People are being urged to find out their "true" heart age in order to cut the risk of heart attacks and strokes.

Leading UK doctors say we need to look beyond biological age to consider what toll a lifetime of risk factors such as smoking will have on the heart.

If not, we will continue to miss early opportunities to intervene to prevent ill health, they told the journal Heart, external.

They have come up with a new risk calculation, external, called JBS3.

This, they say, should reveal a person's "true" heart age and risk.

Currently, doctors look at short-term risk to judge who they should help, and people who have a high chance of a heart attack or stroke in the next 10 years are their priority. But experts now say this is too narrow.

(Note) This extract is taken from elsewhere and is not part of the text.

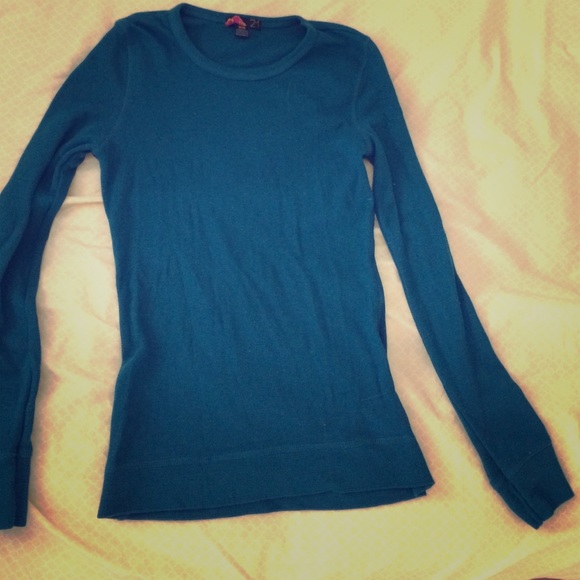 Thermal long sleeve top - Picture 1 of 1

New guidelines issued by the Joint British Societies say doctors should look at the risk throughout a person's lifetime - and assess their "true" heart age.

'Long build-up'

The JBS3 sum used to calculate true heart age takes family and lifestyle risk factors into account to predict how many more years an individual can expect to live before she or he has a heart attack or stroke, depending on the future actions they might decide to take.

For example, a 35-year-old woman who smokes, has high blood pressure and raised cholesterol, plus a strong family history of heart disease, will have a true heart age of 47.

Using current heart assessment methods, which look at short-term risk of heart attack and stroke (within the next 10 years), her risk would be deemed low - less than 2%.

The JBS3 test would suggest she could live to 71 without having a heart attack or stroke

But if the same woman stopped smoking and lowered her cholesterol and blood pressure, not only would her "heart age" fall to 30, she could also expect to live to the age of 85 without having a heart attack or stroke.

And she would cut her risk of heart attack or stroke within the next 10 years even further - to less than 0.25%.

The UK experts behind JBS3 - the Joint British Societies, which includes the British Cardiovascular Society , the British Hypertension Society and nine more - say their approach is based on the growing body of evidence showing that there is a long build-up to cardiovascular disease, and that most heart attacks and strokes occur in people who are in the "intermediate" risk category.

It will be used by the NHS Health Check programme in England aimed at 40- to 74-year-olds, but is not intended to prompt blanket prescribing of statins and other heart health drugs, say the authors.

For the majority, the recommendation will be to lead a healthier lifestyle rather than pop a pill, they insist.

Dr Iain Simpson, president of the British Cardiovascular Society, said: "By only using short-term risk estimates, which are heavily dependent on age and gender, younger people and women tend to be overlooked even if they have substantially elevated modifiable risk factors and are consequently at high lifetime risk."